Captioned web image data:
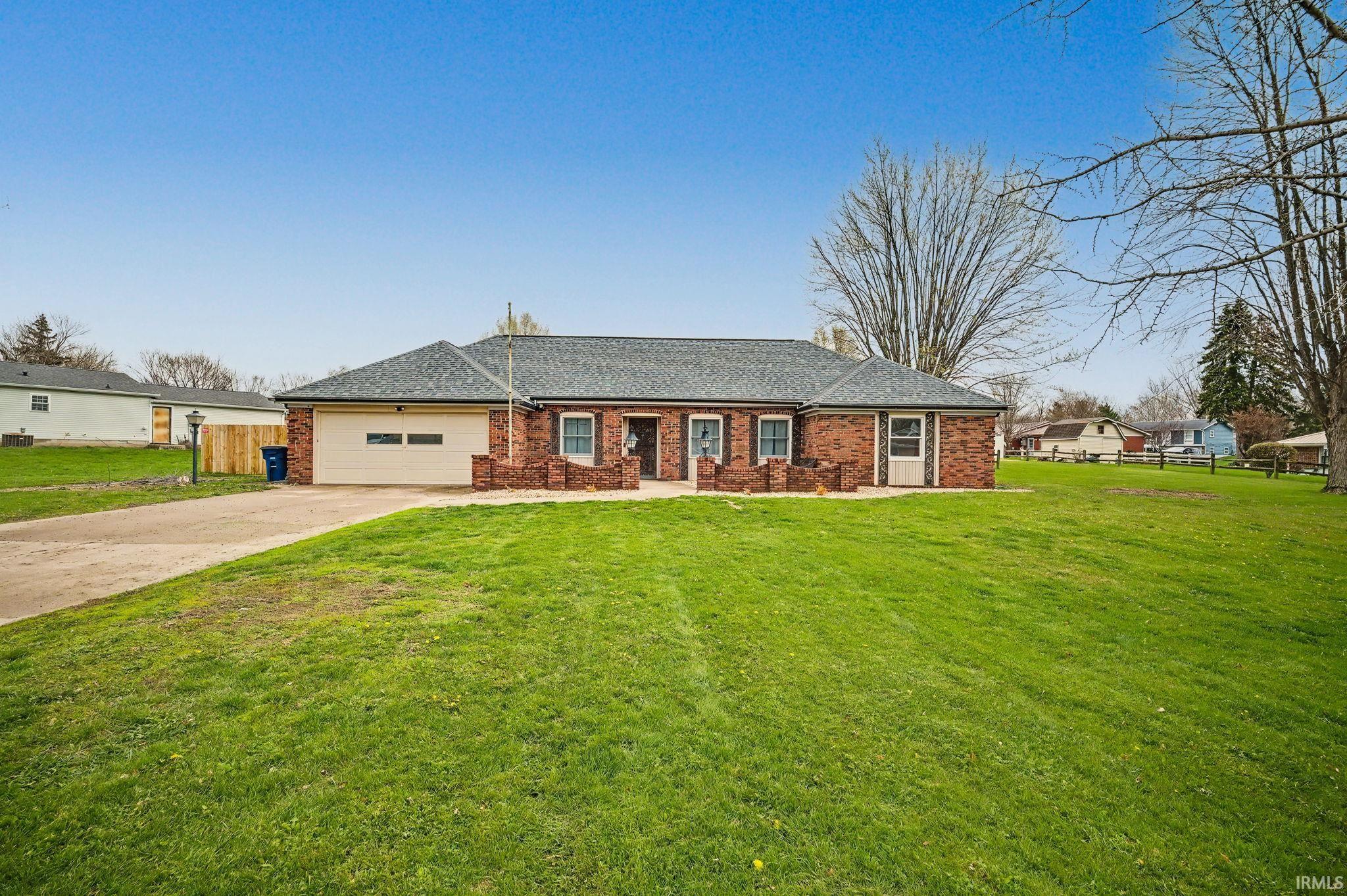 1705 South Jackson Street Marion, IN 46953 - Photo 2 of 32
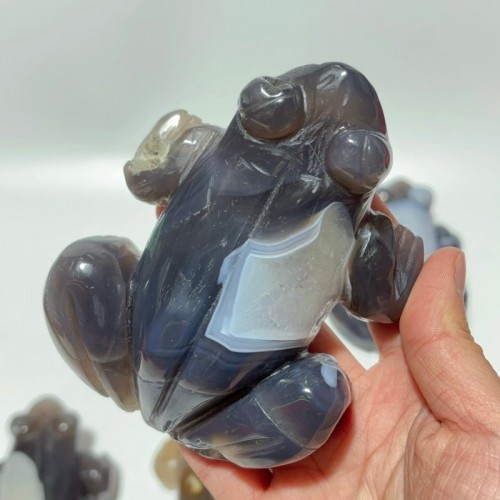 9 Pieces Large Beautiful Geode Druzy Agate Frog Carving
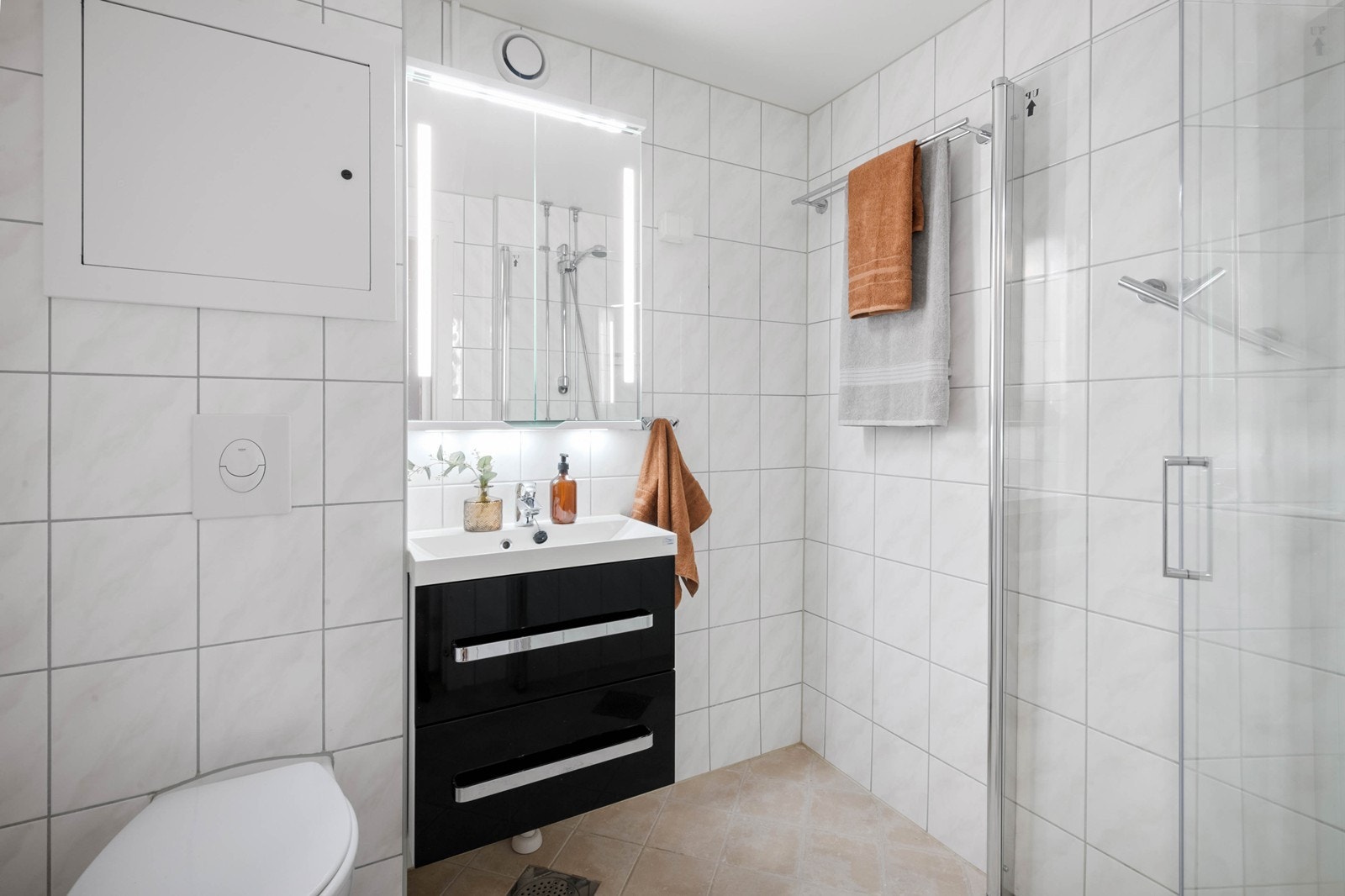 Delikat flislagt baderom pusset opp i regi av borettslaget i 2014. Det er opplegg for vaskemaskin. Galleribilde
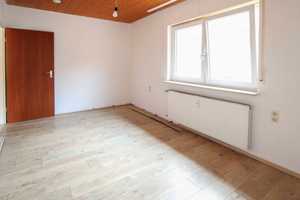 MFH mit 3 Einheiten, Doppelgarage, im Ortszentrum zur flexiblen Nutzung mit Wertsteigerungspotenzial – Rastatt (Kreis) – Vorschaubild 18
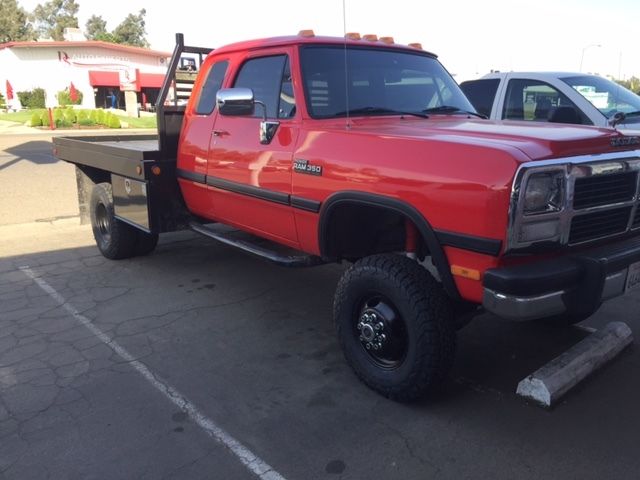 1992 intercooled 5.9 cummins diesel 4x4 extended cab in excellent condition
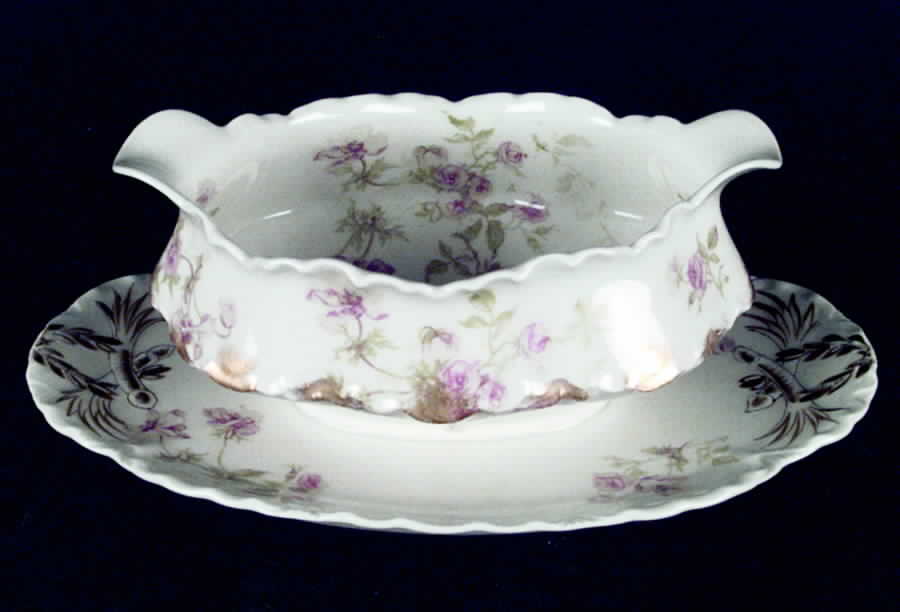 Schleiger 660 Gravy Boat with Attached Underplate by Haviland-1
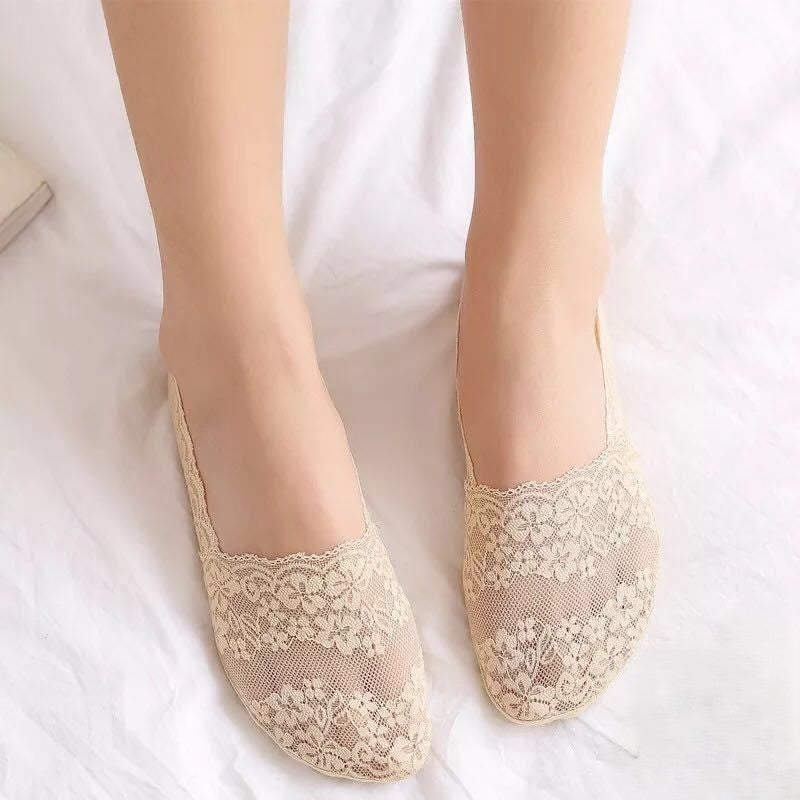Lace Trim No Show Liner Socks - skincolor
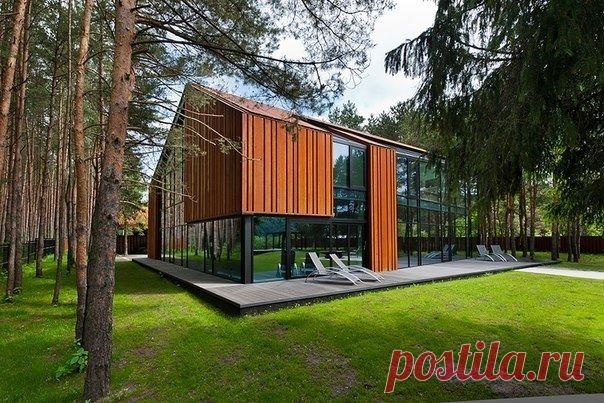 Дом на берегу реки в Каунасе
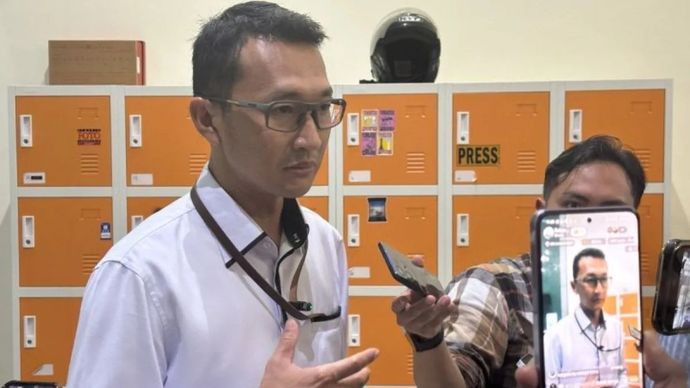 Juru Bicara Komisi Pemberantasan Korupsi Budi Prasetyo memberikan keterangan di Gedung Merah Putih KPK, Jakarta, Senin, 22 Juni 2026.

### Action item
From the records above, output only the lines starting at the one containing "1992 intercooled 5.9" and ending at the one containing "Дом на берегу реки в Каунасе", word for word. Pictures stay out.

### Answer to this problem
 1992 intercooled 5.9 cummins diesel 4x4 extended cab in excellent condition
 Schleiger 660 Gravy Boat with Attached Underplate by Haviland-1
Lace Trim No Show Liner Socks - skincolor
 Дом на берегу реки в Каунасе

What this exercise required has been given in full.